• [PROBLEM] Each line of the data is to be output verbatim, with the images removed.

• [INPUT DATA]

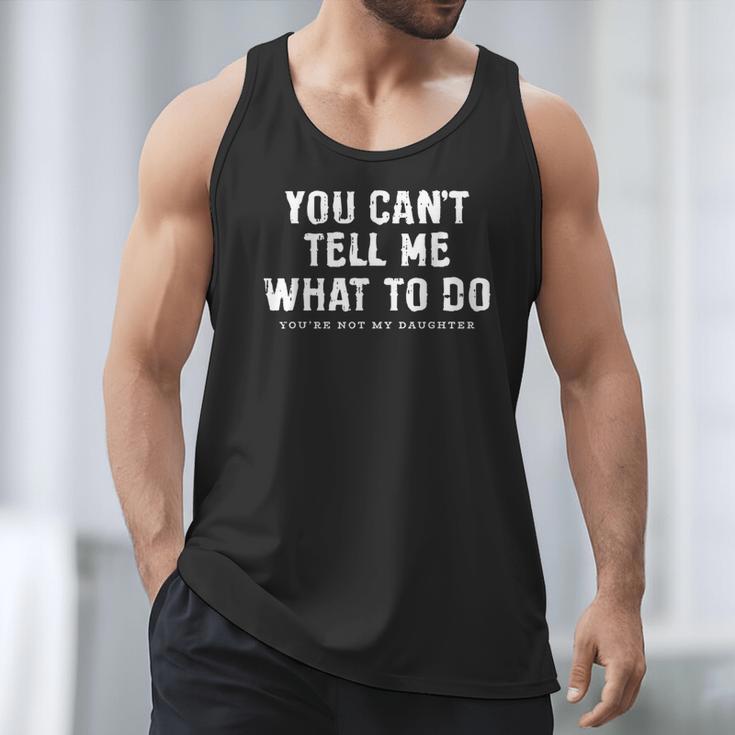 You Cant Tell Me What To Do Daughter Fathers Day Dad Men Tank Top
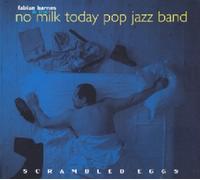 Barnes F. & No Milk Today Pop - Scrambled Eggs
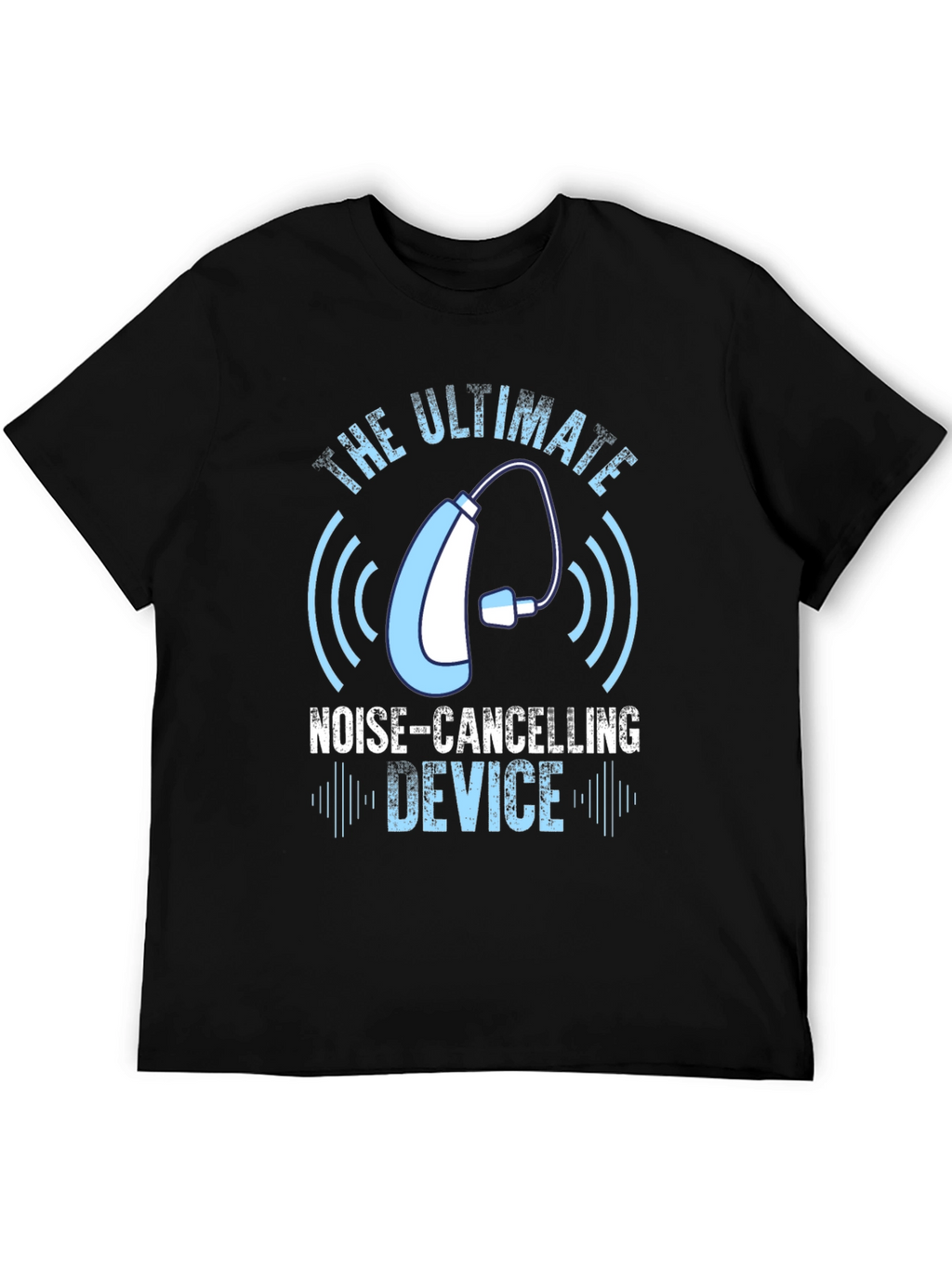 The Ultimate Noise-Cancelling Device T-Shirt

• [RESULT OF THIS TASK]
 You Cant Tell Me What To Do Daughter Fathers Day Dad Men Tank Top
 Barnes F. & No Milk Today Pop - Scrambled Eggs
 The Ultimate Noise-Cancelling Device T-Shirt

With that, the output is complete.